■ **Your objective**
For the word "Hotel", return each line of the data in which it occurs.

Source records
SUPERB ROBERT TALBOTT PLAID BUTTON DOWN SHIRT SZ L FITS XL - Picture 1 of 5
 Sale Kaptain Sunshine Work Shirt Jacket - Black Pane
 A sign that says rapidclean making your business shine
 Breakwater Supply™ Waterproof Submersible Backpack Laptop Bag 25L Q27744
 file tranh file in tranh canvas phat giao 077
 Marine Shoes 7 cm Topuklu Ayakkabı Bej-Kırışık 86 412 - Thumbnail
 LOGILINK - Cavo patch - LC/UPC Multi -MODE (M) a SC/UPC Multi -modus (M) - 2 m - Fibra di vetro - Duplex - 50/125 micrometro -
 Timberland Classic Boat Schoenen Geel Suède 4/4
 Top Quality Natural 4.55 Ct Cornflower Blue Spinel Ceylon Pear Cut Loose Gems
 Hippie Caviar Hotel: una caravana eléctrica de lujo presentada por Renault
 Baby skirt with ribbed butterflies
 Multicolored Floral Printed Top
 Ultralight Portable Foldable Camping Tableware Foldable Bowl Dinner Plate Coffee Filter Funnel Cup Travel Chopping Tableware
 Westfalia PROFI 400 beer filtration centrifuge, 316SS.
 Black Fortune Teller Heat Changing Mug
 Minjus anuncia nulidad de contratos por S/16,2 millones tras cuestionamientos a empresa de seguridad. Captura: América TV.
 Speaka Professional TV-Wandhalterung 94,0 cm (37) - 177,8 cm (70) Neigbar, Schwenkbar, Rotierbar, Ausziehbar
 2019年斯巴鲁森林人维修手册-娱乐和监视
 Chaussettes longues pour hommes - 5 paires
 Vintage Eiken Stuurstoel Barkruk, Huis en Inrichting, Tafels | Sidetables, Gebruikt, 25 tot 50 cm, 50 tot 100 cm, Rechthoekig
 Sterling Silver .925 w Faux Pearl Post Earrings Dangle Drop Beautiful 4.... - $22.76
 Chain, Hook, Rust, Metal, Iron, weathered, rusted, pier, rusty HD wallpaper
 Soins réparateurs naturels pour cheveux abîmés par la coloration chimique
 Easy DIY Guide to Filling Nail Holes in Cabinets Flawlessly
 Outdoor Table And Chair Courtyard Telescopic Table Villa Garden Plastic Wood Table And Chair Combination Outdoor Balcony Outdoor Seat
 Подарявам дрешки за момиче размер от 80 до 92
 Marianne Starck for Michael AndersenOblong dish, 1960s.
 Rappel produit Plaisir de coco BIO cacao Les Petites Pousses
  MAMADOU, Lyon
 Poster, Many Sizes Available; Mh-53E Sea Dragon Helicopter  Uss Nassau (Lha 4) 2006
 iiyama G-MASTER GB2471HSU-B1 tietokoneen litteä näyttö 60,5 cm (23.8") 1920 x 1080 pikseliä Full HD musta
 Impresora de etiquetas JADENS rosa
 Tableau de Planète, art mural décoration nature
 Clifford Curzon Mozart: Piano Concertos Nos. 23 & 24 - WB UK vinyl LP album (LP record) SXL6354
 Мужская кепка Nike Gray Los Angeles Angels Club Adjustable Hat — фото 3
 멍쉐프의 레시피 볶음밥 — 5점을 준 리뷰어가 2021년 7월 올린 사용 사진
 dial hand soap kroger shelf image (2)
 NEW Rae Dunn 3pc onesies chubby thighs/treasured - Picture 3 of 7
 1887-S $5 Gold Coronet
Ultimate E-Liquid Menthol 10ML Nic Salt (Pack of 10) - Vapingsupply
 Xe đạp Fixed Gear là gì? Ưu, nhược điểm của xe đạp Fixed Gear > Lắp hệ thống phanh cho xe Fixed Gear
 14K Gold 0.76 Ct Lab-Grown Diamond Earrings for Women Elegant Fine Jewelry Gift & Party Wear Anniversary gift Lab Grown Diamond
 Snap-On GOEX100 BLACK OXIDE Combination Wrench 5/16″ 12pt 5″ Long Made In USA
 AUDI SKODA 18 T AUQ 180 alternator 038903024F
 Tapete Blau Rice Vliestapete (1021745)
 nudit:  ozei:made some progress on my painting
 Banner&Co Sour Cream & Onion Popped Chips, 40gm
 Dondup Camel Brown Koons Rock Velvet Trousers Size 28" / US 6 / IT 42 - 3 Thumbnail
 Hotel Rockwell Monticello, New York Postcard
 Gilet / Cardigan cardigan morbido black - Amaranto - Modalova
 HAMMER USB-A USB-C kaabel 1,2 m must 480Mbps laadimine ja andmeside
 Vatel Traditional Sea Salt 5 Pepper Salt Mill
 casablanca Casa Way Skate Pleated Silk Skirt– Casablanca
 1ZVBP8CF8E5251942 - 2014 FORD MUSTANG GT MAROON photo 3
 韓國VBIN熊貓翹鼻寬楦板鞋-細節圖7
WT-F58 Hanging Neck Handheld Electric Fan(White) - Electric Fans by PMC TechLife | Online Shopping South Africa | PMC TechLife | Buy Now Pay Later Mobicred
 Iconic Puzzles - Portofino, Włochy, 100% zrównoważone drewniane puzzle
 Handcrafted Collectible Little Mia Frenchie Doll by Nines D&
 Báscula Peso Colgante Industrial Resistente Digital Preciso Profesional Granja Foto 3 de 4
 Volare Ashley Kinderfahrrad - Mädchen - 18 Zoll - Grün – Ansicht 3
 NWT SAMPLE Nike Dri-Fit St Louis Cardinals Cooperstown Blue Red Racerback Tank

■ **Exercise output**
 Hippie Caviar Hotel: una caravana eléctrica de lujo presentada por Renault
 Hotel Rockwell Monticello, New York Postcard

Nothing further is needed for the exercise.